初夢や四割る二が割り切れず 『円穹』
作品をみてみよう。
「四割る二」がどうしても割り切れないというのだ。理数系も得意な和子さんなら簡単に解けそうだけど、夢の中では、解けそうなのに数字がどうしても浮かんでこないこともあるのだろう。俳句の中に詠み込む数字としては掛け算では「三三が九」「二二が四」が、割算では「四割る二」がシンプルでリズムがいい。
この作品は、季語が新年の「初夢」であること、割算がすぐに明確な解答の出るものであること、この二つによって口に上りやすい名句になったと思う。
片山和子(かたやま・かずこ)は、昭和二十年(1945)、石川県金沢市の生まれ。両親は鹿児島の出身。津田塾大学英文科卒。基督教・仏教シンパ。東洋大学大学院でさらに勉強を重ね、心理学を学び、練馬区役所で相談員として働いていた。蝸牛社からは絵本の翻訳者として、ニュージーランドの『風のうた』、キューバの『森をすくったシンバ』など。日東書院からは著書『震災と心のケア』がある。
「円穹俳句会」が生まれたのは、東京を離れ、茨城県南の守谷市に移り住んだ私が、認知症の母の介護で句会にも吟行にも行けない状態のとき、小学校以来の親友の片山和子さんとご主人の片山丹波さんが、「守谷でやろうよ」と言ってくれたことに始まる。友が友を呼び、半分は初心者であった参加者もみな素晴らしい作品を詠むようになった八年目の平成二十五年、合同句集『円穹』を刊行した。一人8頁、四十九句。和子さんのタイトルは「オッ満開」。
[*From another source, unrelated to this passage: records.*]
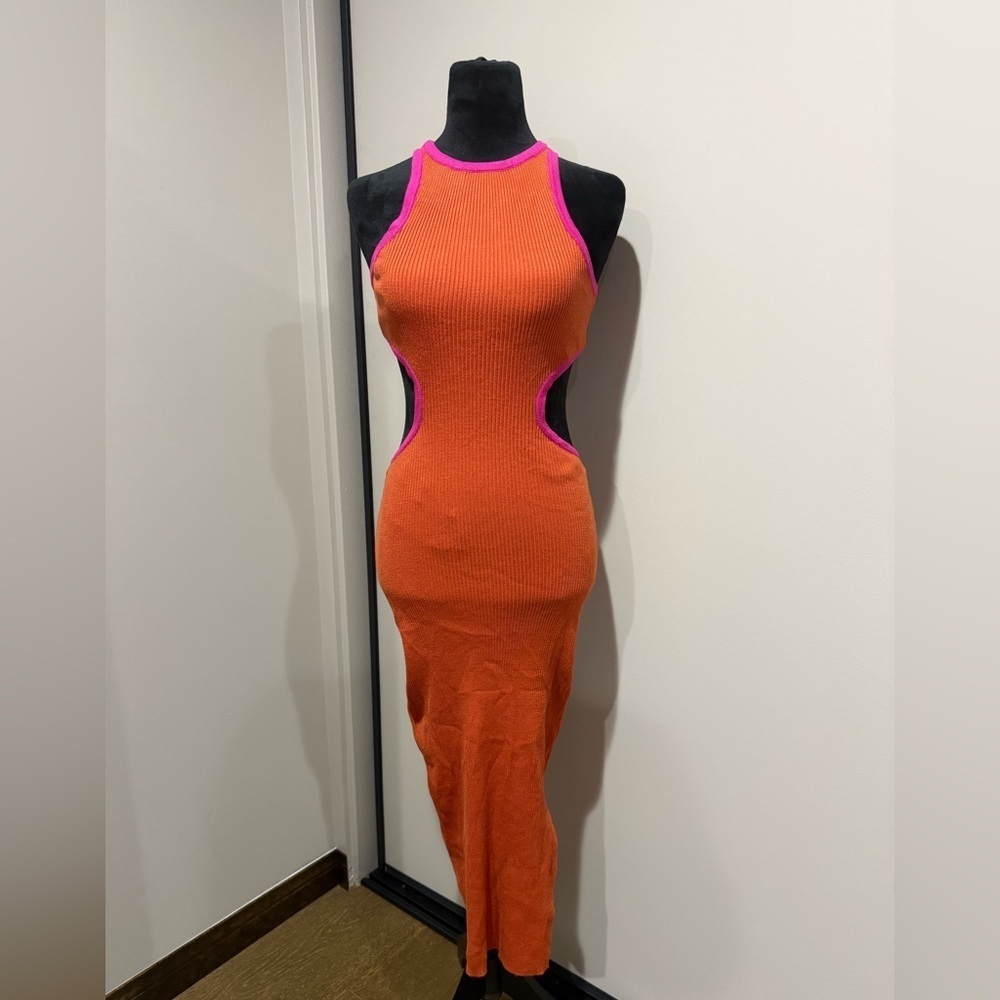 Lucca Couture Alexandra Orange & Pink Cutout Ribbed Midi Dress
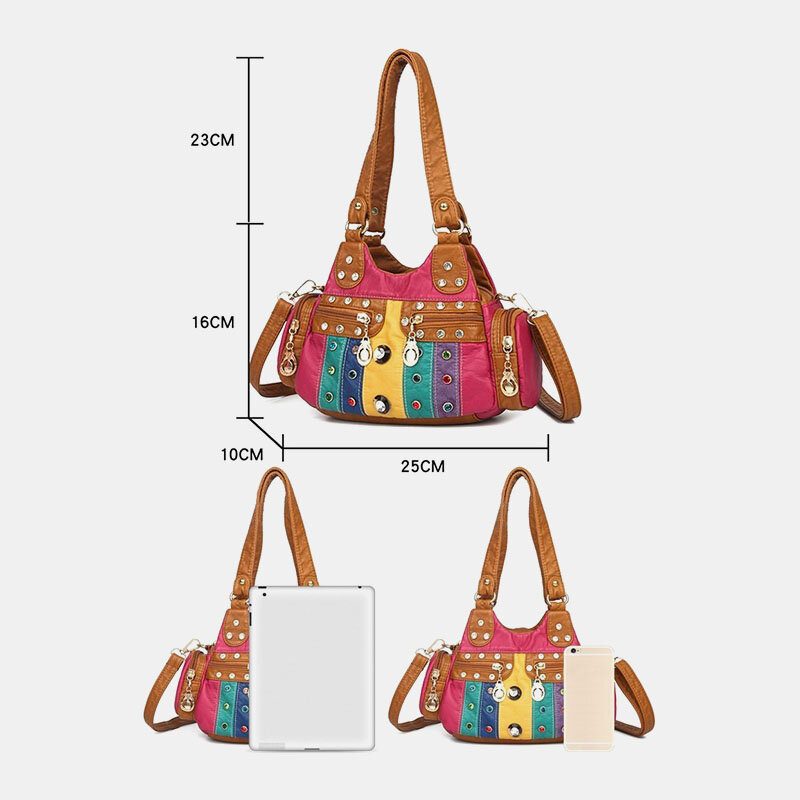 Kvinner Pu Lær Rhinestone Patchwork Vanntett Vintage Skulderveske Håndveske Tote Crossbody-vesker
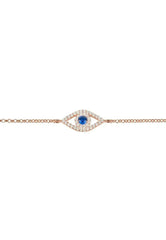 Evil Eye Elliptical Bracelet Blue Rosegold - Femstylo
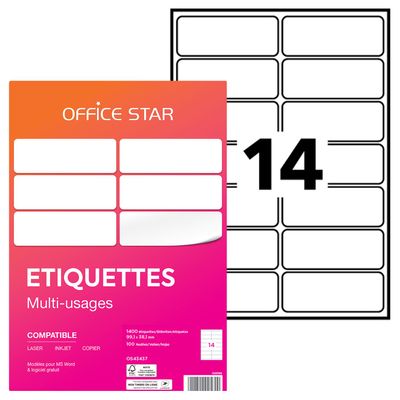 5014702025600-Office Star - 1400 Étiquettes multi-usages blanches - 99,1 x 38,1 mm - réf OS43437--0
作品の幅が広く個性的である。いくつか紹介させていただく。
オッ満開 万花一斉 オッ満開
句会でこの句が回ってきたとき、うーん、これって俳句と言っていいのかしら、と思ってしまったが、不思議なインパクトがある。しかもリズムがいい。「万花一斉(ばんかいっせい)」の万花とは、いろいろな花の意で、桜の花を特定しているわけではない。しかし「オッ満開」と叫び、しかも二回も叫んだ。
「オッ満開」のリフレインによって、「万花一斉」とは「桜の花が満開」であると、誰をも信じさせてしまう説得力が生まれたのだ。
東風に乗り一寸法師ちょこんと来
和子さんは、四人のお嬢さんがいる。それぞれ結婚して、当時は〈孫六人もう一人乗り七福神〉、今年の九月にはお孫さんが十二人になるという幸せなおばあちゃんである。
この作品の主人公は、未熟児で613グラムで生まれた。「片手に乗るほどよ」と聞いても想像しかねていたが、句会で、「一寸法師」の句が回ってきたときは皆が大喝采した。勇敢さと機知で立派な武者となった一寸法師の比喩として、また春の訪れである「東風」に乗せて、見事にお孫さんを詠んでいる。エールの句であり、小さな命への溢れる愛を感じた。
地が割れて心がふれてクリスマス
東日本大震災の直後に、和子さんと『震災と心のケア』の本造りをご一緒した。そのとき、私は改めて彼女の道義心の深さに気づかされた。この作品はその年のクリスマスに詠んだもので、大震災を、旧約聖書の説話に準えて「地が割れて」と詠み、未曾有の体験の中で人々の心は絆で繋がったことを、心と心が触れ合うクリスマスの心に重ねた。